▸ **Available data**

____________________

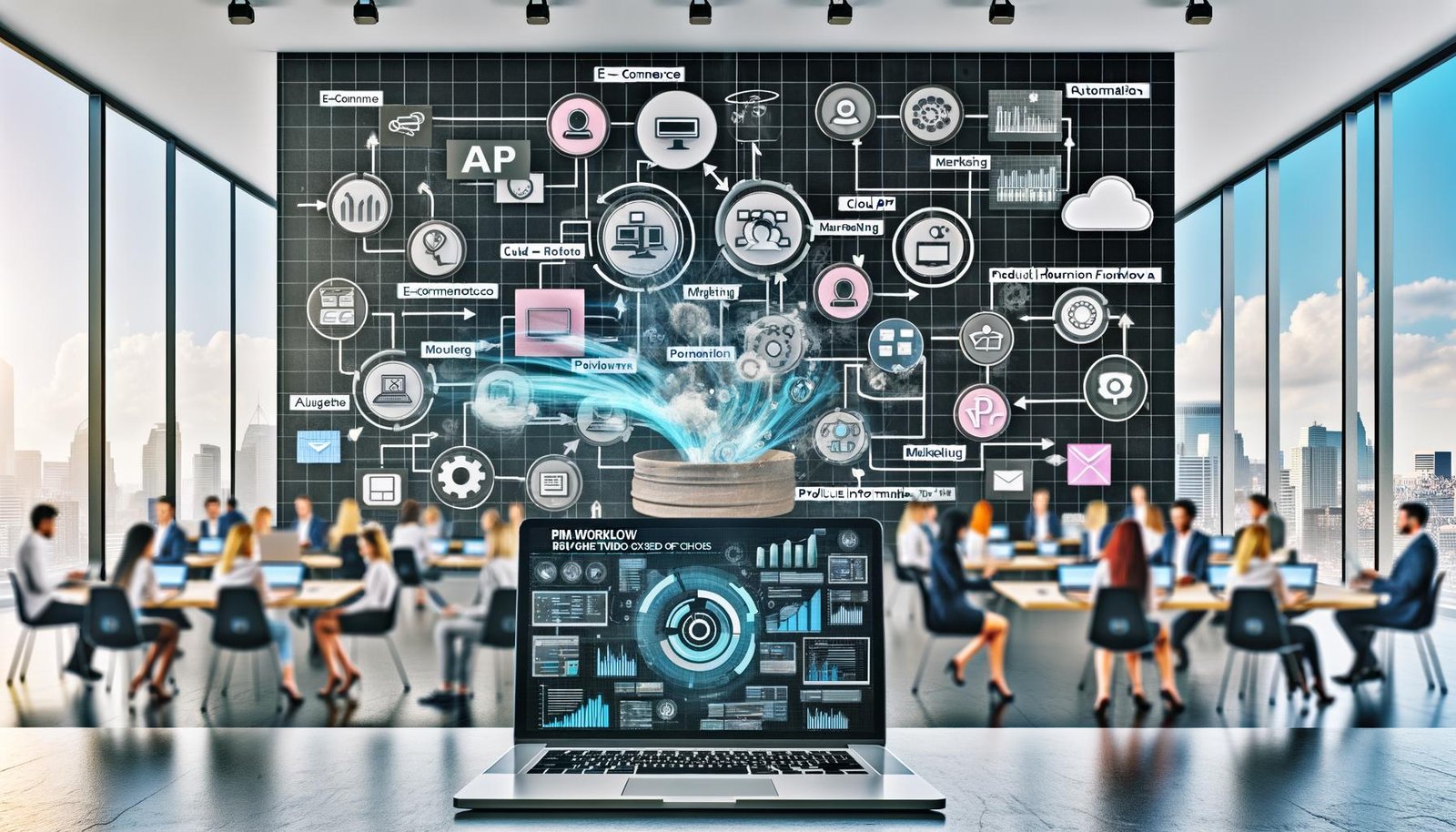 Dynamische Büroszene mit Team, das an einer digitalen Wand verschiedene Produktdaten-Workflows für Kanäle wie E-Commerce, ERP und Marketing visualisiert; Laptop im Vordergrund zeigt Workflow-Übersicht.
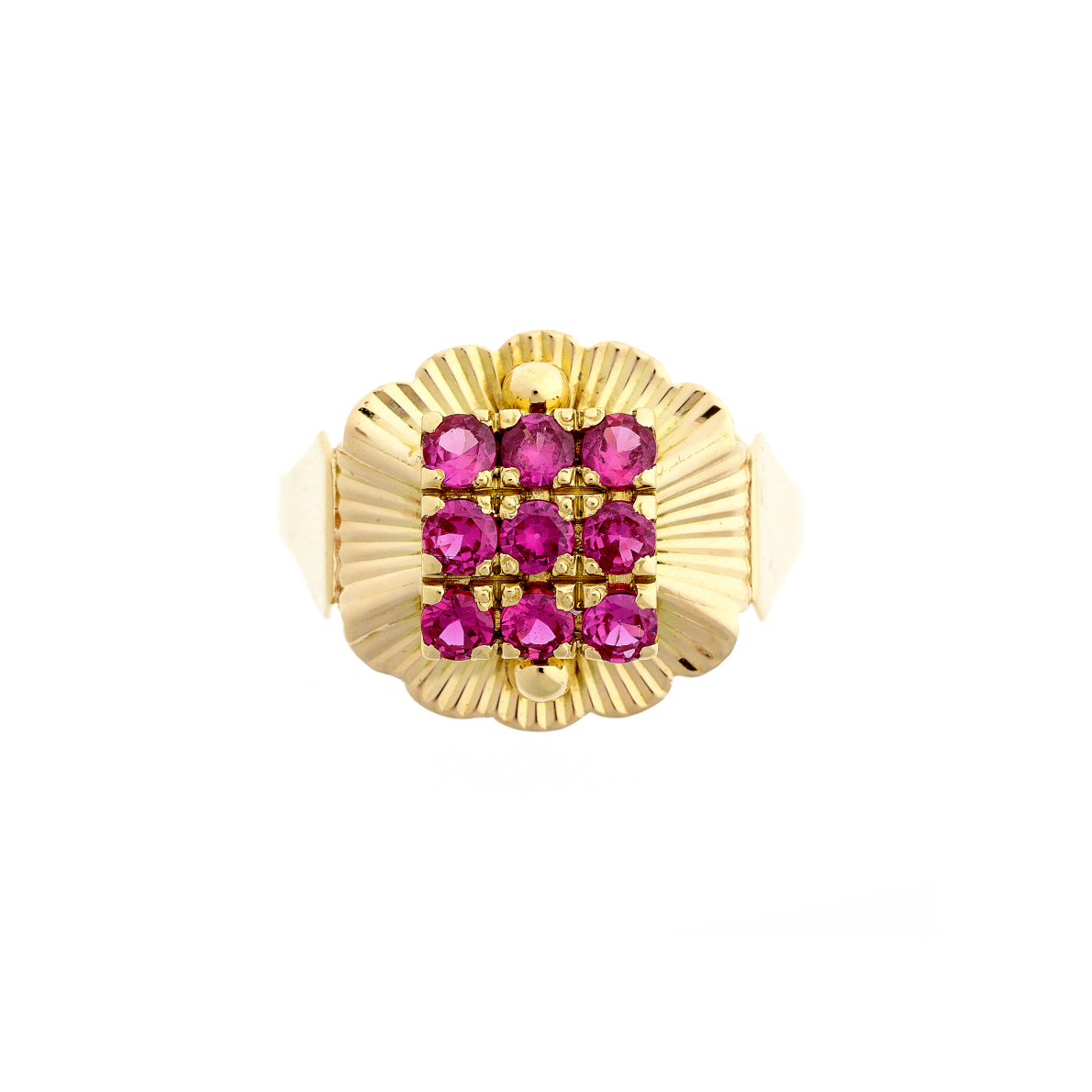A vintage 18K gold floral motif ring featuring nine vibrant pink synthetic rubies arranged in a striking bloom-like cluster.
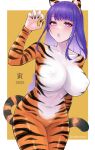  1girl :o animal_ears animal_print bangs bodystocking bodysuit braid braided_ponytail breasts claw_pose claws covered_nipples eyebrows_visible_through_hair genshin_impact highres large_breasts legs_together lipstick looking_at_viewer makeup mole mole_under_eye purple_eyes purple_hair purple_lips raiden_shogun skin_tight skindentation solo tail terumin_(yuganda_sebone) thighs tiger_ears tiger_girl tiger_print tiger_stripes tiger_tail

____________________

▸ **What is expected**
Write out the material above exactly, and omit the pictures it holds.

▸ **Task output**
 Dynamische Büroszene mit Team, das an einer digitalen Wand verschiedene Produktdaten-Workflows für Kanäle wie E-Commerce, ERP und Marketing visualisiert; Laptop im Vordergrund zeigt Workflow-Übersicht.
A vintage 18K gold floral motif ring featuring nine vibrant pink synthetic rubies arranged in a striking bloom-like cluster.
  1girl :o animal_ears animal_print bangs bodystocking bodysuit braid braided_ponytail breasts claw_pose claws covered_nipples eyebrows_visible_through_hair genshin_impact highres large_breasts legs_together lipstick looking_at_viewer makeup mole mole_under_eye purple_eyes purple_hair purple_lips raiden_shogun skin_tight skindentation solo tail terumin_(yuganda_sebone) thighs tiger_ears tiger_girl tiger_print tiger_stripes tiger_tail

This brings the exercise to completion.